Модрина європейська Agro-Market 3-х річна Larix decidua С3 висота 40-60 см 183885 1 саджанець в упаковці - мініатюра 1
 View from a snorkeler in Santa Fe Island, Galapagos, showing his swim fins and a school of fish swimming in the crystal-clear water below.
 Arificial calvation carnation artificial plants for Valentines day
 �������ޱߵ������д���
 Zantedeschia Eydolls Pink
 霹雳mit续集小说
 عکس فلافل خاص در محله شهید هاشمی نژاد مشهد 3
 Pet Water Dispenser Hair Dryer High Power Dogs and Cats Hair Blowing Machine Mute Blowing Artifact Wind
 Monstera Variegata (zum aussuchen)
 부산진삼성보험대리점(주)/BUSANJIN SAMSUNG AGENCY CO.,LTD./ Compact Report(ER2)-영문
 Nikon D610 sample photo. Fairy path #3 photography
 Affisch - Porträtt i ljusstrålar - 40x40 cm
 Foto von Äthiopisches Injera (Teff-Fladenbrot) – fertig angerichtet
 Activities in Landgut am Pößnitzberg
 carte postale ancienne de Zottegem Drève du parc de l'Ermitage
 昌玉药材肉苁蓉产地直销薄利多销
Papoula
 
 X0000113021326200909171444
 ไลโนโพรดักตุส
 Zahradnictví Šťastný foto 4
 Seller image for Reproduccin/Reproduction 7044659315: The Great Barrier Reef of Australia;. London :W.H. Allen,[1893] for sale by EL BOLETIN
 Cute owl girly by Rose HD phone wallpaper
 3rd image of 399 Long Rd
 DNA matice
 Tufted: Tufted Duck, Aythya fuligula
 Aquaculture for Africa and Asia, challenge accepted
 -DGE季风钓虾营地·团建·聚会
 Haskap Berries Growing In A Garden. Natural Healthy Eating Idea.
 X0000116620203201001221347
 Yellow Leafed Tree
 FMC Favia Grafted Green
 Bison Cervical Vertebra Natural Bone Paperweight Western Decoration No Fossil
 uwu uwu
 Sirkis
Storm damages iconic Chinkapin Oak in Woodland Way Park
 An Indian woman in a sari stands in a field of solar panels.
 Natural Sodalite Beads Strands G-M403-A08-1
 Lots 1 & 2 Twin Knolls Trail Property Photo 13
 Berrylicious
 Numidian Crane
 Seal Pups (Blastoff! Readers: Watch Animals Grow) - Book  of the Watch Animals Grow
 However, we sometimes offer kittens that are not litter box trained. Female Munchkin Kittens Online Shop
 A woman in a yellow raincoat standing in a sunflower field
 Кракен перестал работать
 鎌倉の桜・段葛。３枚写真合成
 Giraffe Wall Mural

▶ Work to be completed: Among the lines of the data, which ones contain the word "field"? Show them.

▶ Finished exercise:
 An Indian woman in a sari stands in a field of solar panels.
 A woman in a yellow raincoat standing in a sunflower field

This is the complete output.